» **PROVIDED RECORDS**:
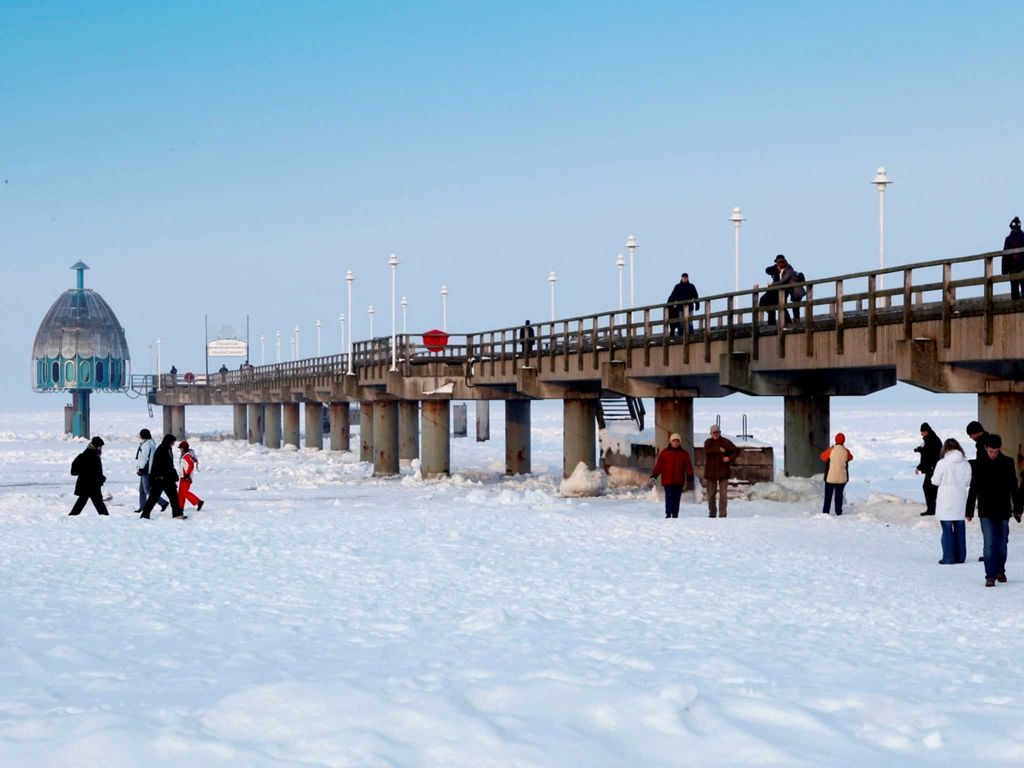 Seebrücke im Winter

* * *

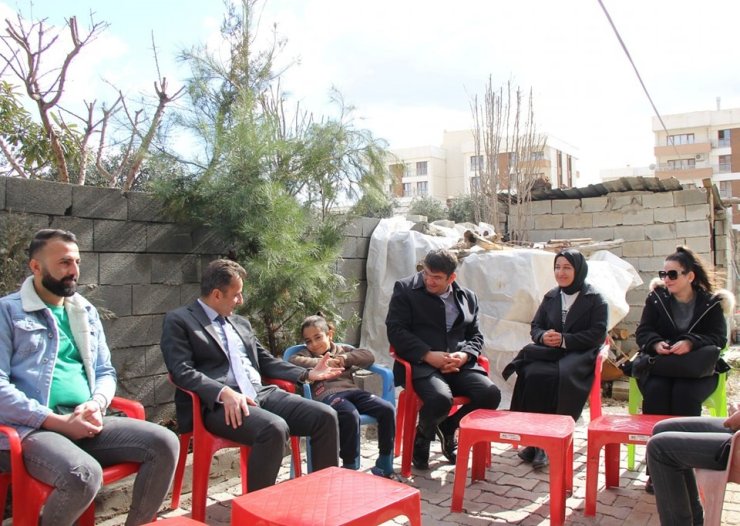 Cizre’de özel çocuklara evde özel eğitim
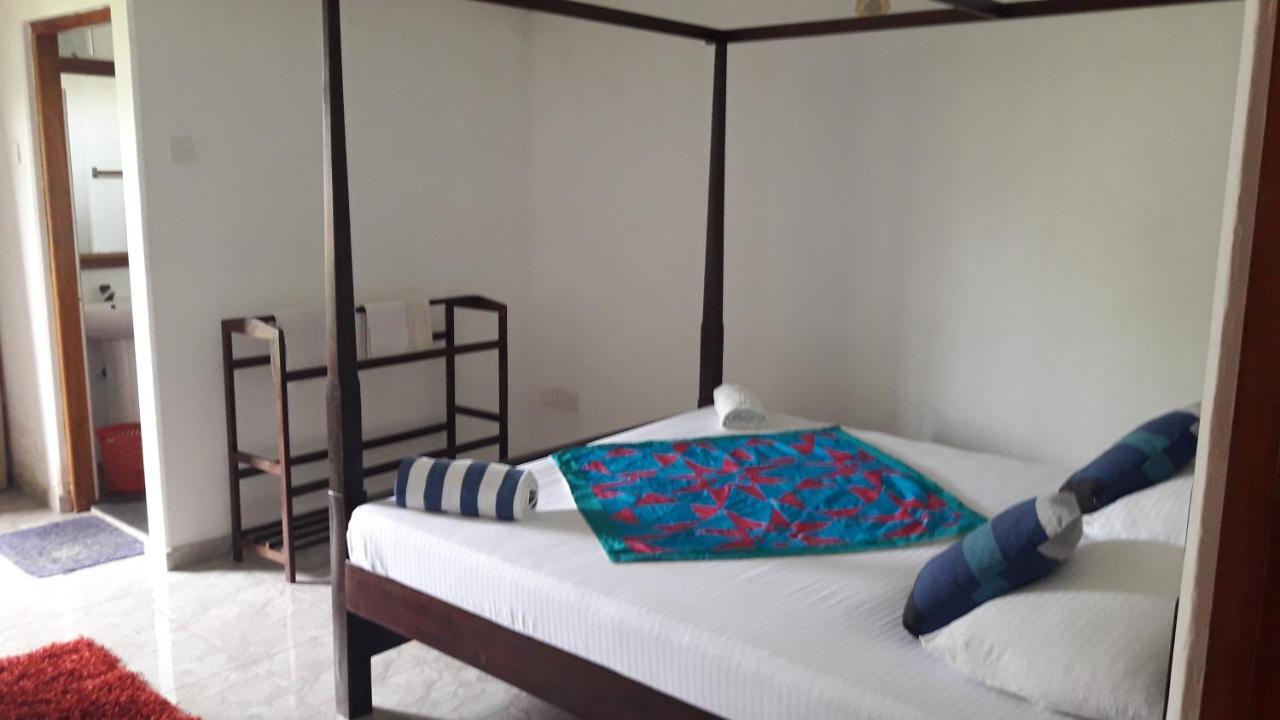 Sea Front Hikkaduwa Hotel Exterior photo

» **WORK ITEM**:
Leaving out each picture, repeat exactly the lines above from the one that contains "Cizre’de özel çocuklara evde özel eğitim" through the one that contains "Sea Front Hikkaduwa Hotel Exterior photo".

» **PROBLEM SOLUTION**:
 Cizre’de özel çocuklara evde özel eğitim
 Sea Front Hikkaduwa Hotel Exterior photo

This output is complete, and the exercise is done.